"Co stanie się z Europejczykami, jeśli Ameryka wycofa się z NATO i zdejmie znad Europy swój parasol atomowy?" – stawia pytanie w swoim tekście "Der Spiegel". Następnie niemiecki tygodnik sam sobie odpowiada: Europa potrzebuje właśnie broni atomowej. Podkreślono, że taka groźba jest bardziej realna, niż myślimy.
"Der Spiegel” podkreśla, że kwestia wyjścia Stanów Zjednoczonych z NATO wcale nie jest niemożliwa.

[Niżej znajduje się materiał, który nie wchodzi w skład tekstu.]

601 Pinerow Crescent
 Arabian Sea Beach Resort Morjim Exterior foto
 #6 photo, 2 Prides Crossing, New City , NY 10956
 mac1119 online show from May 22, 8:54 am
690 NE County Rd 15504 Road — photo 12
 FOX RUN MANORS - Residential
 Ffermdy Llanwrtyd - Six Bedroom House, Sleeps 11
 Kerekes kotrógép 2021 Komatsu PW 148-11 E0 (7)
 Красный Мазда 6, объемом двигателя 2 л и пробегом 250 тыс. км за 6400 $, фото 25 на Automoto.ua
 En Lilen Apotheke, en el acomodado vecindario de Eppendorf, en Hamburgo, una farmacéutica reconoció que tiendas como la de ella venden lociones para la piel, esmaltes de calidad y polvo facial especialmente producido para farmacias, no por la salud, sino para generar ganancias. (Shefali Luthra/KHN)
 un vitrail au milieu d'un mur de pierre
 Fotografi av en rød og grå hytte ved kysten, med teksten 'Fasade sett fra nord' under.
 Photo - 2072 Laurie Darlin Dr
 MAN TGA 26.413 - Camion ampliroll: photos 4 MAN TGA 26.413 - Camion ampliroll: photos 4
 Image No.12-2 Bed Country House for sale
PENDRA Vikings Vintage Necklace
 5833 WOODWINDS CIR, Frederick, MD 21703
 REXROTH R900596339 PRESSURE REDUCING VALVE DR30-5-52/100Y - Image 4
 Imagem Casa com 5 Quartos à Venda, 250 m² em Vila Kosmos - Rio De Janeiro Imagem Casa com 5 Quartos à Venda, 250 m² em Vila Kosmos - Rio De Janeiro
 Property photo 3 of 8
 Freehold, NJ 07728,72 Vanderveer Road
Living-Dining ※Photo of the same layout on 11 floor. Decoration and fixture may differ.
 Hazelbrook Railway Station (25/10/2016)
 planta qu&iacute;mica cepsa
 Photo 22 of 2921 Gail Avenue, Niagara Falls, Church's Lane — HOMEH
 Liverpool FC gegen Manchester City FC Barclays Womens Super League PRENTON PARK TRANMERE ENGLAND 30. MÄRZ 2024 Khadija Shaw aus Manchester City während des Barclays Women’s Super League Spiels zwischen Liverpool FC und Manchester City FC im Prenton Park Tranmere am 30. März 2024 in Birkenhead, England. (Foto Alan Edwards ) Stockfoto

Dziennik przytacza na to doskonały argument przypominając, że w lipcu 2018 roku prezydent Donald Trump stwierdził, że USA musi opuścić Sojusz. – Wychodzimy z niego – oświadczył wówczas swoim doradcom przed szczytem w Brukseli.
– Nie będziemy walczyć z krajem (Rosją - przyp. red.), który dostaje od innych krajów NATO pieniądze – dodał ówczesny prezydent. Jednak doradca do spraw bezpieczeństwa John Bolton i minister spraw zagranicznych Mike Pompeo zdołali przekonać prezydenta do zmiany decyzji. Ponadto nie jest wykluczone, że Donald Trump nie powróci do Białego Domu przy słabnących sondażach Demokratów.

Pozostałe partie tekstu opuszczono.